Re: comments on SPARQL Query Language for RDF from Richard Newman on 2007-05-28 (public-rdf-dawg-comments@w3.org from May 2007)

From: Richard Newman <rnewman@franz.com>
Date: Sun, 27 May 2007 23:54:58 -0700
To: Bob MacGregor <bmacgregor@siderean.com>
Cc: public-rdf-dawg-comments@w3.org, Eric Prud'hommeaux <eric@w3.org>
Message-Id: <9828455C-1642-4216-A853-001658669229@franz.com>
Bob, DAWG, folks,

I'm going to weigh in here, because I have implementation experience,  
and I'm practically mentioned in a FROM NAMED clause. My apologies in  
advance to the DAWG for stepping on toes.

On  24 May 2007, at 7:29 AM, Bob MacGregor wrote:

> At one point in SPARQL's evolution, the language introduced a  
> SOURCE operator that allowed for a
> context argument that could be either a variable or a constant.   
> The SOURCE construct effectively
> treats contexts as first-class entities.  The currently-adopted  
> named graphs notion treats contexts
> as second-class objects.  The SOURCE operator is consistent with a  
> fully-functional quad
> implementation; the named graph notion is much more limited.  The  
> principal advantage of the
> named graph notion is that it is only a small extension beyond the  
> traditional RDF spec.

In what way is GRAPH limited? It's merely a syntactic extension of  
Turtle to allow a fourth field to be specified:

GRAPH ?foo {
   ?x ?y ?z .
   GRAPH x:y {
     ?a ?b ?c .
   }
}

is fine. (Indeed, in AllegroGraph we expand that into quads internally:

?foo ?x ?y ?z .
x:y  ?a ?b ?c .)

If your implementation allows you to use an unrestricted dataset  
(i.e., you don't have to enumerate your graphs/sources using FROM  
NAMED), I can't even see a problem there... and the dataset issue  
applies equally to SOURCE.

SOURCE heavily restricts a SPARQL implementation, forcing it to track  
provenance (whither programmatically generated triples?), or fail  
queries that try to use SOURCE. GRAPH provides instead a generic  
fourth field; the particular endpoint can choose what that field is  
used for.

I'd choose flexibility over specificity.  GRAPH > SOURCE.

> However, major commercial vendors are implementing full support for  
> quads.  Franz's AllegroGraph has
> a quad implementation (actually, they mentioned quints, but the  
> fifth argument is internal),
> Kowari/Tucana implements full quads, and Siderean's Seamark Navigator
> (my own company) has full quads.  The reason for this is that full  
> quads enable performant implementations of
> provenance information and named graphs do not.

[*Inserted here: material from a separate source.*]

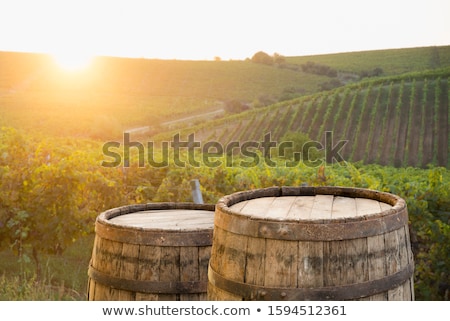 ストックフォト: White Wine Vineyard In The Fall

I should point out that, in AllegroGraph, the fourth field of the  
quad is used to implement named graphs (though it can be used for  
other things, too), and the AllegroGraph SPARQL interface uses GRAPH  
to query the fourth field: quad-fourth-fields and named graphs *are  
the same thing*.

If you want to use the graph field to track provenance, you can: when  
you're querying through SPARQL on AllegroGraph, and tracking  
provenance in the graph argument, GRAPH acts exactly like SOURCE --  
but you can use it for other things, too, if you'd prefer to use it  
for access control, or geocoding, or inference.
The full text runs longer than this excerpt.